*** Input data Section Begins ***

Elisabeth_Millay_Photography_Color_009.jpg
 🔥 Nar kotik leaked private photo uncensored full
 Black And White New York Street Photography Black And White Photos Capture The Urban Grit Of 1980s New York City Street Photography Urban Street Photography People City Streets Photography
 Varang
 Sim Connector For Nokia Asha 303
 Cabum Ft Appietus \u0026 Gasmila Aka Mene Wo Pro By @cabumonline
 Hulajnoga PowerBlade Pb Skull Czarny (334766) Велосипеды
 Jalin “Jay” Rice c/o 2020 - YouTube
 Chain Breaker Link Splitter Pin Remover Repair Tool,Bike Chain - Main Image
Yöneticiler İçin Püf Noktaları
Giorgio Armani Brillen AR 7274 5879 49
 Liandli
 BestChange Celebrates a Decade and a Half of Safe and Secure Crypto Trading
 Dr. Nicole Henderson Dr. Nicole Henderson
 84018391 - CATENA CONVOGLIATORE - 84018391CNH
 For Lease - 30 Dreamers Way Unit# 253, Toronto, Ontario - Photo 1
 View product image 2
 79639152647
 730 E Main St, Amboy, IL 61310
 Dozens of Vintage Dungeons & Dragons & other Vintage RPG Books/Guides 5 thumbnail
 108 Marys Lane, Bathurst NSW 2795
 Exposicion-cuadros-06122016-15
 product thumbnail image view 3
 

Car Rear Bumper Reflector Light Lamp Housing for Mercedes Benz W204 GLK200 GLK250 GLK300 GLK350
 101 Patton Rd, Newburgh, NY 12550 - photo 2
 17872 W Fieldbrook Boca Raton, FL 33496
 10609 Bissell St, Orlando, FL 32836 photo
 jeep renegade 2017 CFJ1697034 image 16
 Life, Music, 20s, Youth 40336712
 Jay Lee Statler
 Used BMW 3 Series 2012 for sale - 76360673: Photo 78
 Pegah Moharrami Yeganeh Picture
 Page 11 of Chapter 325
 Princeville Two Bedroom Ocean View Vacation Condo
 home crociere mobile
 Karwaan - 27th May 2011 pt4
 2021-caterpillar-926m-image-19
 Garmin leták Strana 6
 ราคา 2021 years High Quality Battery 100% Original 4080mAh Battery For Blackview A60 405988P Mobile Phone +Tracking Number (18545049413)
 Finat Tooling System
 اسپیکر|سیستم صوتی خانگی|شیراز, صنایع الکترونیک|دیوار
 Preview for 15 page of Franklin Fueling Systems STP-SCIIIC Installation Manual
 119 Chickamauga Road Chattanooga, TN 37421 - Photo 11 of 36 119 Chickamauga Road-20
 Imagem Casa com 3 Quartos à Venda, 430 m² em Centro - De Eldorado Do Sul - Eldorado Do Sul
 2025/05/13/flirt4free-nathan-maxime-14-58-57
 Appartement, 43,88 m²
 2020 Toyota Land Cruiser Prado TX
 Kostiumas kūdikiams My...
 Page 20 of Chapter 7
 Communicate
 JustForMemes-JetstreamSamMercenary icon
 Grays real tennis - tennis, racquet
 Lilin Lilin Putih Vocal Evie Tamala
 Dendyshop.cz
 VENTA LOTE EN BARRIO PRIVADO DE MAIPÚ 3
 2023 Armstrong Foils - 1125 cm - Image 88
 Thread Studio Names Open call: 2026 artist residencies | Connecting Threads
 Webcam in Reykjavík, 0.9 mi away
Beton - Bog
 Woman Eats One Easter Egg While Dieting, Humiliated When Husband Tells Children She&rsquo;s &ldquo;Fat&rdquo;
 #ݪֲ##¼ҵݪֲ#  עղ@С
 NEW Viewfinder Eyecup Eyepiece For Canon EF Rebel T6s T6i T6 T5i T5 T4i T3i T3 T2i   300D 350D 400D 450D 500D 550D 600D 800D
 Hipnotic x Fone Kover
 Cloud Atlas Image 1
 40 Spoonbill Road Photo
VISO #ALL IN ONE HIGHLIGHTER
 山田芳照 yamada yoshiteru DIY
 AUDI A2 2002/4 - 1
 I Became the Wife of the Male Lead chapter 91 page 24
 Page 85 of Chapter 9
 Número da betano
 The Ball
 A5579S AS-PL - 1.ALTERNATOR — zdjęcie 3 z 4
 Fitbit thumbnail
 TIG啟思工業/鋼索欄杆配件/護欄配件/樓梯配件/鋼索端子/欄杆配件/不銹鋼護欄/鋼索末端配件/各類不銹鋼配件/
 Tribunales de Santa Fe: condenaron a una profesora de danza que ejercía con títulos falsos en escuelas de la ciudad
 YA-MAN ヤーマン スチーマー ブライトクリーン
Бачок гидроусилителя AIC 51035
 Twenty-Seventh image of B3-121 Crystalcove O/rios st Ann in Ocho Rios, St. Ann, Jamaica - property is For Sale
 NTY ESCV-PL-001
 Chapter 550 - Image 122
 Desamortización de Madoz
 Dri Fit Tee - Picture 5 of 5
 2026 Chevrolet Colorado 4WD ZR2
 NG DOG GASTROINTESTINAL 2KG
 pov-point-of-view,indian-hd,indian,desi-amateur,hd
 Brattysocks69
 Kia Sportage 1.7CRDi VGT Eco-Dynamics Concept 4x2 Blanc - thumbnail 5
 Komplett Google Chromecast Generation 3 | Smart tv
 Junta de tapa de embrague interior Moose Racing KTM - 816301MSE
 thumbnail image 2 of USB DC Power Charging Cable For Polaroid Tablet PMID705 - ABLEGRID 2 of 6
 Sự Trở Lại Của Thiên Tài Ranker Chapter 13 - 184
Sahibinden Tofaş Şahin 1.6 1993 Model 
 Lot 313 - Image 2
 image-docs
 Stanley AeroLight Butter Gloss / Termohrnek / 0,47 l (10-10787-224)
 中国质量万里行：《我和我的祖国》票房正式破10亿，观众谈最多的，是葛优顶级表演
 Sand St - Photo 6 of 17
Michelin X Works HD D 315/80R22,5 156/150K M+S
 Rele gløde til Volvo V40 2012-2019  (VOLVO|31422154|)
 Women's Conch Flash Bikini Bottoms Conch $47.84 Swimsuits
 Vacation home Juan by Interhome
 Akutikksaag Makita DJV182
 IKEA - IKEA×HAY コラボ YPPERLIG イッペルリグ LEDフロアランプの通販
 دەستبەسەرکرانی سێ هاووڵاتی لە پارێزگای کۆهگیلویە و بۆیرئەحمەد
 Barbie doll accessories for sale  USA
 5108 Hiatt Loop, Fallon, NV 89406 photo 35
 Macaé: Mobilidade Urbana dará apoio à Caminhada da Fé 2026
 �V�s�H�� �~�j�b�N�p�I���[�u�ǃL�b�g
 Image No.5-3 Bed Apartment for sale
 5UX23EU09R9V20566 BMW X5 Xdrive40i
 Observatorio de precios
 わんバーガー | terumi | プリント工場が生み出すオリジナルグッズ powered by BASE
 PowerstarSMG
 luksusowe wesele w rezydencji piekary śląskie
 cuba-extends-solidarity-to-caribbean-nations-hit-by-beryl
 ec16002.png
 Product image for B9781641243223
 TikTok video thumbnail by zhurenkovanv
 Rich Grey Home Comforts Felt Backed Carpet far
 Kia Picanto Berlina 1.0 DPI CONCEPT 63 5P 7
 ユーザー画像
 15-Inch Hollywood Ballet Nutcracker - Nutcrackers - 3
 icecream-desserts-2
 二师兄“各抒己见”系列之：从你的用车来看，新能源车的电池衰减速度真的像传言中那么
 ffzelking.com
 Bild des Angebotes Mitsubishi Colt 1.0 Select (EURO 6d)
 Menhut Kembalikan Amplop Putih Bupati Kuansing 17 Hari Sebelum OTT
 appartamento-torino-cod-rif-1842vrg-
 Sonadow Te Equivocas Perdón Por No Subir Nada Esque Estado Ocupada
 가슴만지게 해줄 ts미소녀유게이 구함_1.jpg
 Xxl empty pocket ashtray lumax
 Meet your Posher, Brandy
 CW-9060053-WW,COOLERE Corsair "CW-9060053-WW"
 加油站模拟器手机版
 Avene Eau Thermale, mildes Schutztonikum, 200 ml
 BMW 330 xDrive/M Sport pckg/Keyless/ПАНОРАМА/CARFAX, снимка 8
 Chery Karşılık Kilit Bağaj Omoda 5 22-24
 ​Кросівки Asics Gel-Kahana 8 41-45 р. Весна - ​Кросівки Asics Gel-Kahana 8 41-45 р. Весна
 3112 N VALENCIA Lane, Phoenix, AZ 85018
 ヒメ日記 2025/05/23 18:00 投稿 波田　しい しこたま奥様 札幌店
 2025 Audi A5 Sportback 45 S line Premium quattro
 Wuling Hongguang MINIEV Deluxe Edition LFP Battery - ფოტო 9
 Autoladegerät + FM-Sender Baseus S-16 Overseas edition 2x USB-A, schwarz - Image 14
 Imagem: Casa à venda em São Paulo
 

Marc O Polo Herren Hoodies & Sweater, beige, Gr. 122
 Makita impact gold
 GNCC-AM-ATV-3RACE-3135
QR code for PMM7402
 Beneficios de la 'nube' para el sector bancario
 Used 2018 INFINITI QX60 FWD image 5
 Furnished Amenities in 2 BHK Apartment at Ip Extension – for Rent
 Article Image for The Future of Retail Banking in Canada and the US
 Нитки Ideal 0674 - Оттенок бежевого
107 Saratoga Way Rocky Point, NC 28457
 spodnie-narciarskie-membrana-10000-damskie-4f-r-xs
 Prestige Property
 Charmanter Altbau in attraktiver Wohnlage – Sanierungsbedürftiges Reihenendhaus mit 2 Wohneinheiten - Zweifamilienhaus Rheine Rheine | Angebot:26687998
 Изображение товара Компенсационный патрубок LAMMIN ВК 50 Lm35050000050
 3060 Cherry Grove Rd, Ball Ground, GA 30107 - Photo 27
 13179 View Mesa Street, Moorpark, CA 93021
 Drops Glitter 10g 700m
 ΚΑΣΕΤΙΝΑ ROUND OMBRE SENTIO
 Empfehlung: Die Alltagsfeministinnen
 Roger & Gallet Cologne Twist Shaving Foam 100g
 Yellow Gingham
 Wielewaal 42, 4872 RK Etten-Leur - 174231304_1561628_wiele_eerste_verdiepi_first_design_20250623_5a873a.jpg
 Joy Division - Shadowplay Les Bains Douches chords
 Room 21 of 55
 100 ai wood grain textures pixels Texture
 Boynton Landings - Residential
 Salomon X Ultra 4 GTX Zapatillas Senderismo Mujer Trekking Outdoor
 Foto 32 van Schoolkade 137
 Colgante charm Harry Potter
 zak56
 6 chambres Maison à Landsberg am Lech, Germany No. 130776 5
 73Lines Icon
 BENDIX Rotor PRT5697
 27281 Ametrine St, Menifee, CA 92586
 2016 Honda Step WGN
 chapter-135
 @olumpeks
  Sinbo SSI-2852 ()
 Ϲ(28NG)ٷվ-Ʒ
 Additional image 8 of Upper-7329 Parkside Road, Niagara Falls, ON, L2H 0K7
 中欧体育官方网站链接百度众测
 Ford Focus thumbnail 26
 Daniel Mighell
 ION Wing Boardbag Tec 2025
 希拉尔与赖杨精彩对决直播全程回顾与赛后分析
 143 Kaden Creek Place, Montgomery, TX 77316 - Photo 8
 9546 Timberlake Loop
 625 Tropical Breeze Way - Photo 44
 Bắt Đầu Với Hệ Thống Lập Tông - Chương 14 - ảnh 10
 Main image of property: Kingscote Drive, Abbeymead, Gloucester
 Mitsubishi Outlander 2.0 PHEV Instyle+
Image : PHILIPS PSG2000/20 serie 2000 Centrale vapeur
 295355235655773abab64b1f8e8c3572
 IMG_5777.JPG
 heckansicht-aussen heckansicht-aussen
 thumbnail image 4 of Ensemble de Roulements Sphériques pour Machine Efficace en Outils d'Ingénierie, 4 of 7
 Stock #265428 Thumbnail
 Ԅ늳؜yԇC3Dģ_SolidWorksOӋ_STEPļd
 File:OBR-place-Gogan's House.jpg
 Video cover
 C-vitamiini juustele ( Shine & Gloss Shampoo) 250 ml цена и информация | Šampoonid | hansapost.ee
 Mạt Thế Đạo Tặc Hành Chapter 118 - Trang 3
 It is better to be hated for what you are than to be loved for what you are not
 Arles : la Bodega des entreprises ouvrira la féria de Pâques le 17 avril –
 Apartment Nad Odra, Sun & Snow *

*** Input data Section Ends ***

## Exercise brief:
Restate word for word the entries above, starting at the line with "Mitsubishi Outlander 2.0 PHEV Instyle+" and ending at the line with "Mạt Thế Đạo Tặc Hành Chapter 118 - Trang 3", inclusive, and no others.

## Answer for this exercise:
 Mitsubishi Outlander 2.0 PHEV Instyle+
Image : PHILIPS PSG2000/20 serie 2000 Centrale vapeur
 295355235655773abab64b1f8e8c3572
 IMG_5777.JPG
 heckansicht-aussen heckansicht-aussen
 thumbnail image 4 of Ensemble de Roulements Sphériques pour Machine Efficace en Outils d'Ingénierie, 4 of 7
 Stock #265428 Thumbnail
 Ԅ늳؜yԇC3Dģ_SolidWorksOӋ_STEPļd
 File:OBR-place-Gogan's House.jpg
 Video cover
 C-vitamiini juustele ( Shine & Gloss Shampoo) 250 ml цена и информация | Šampoonid | hansapost.ee
 Mạt Thế Đạo Tặc Hành Chapter 118 - Trang 3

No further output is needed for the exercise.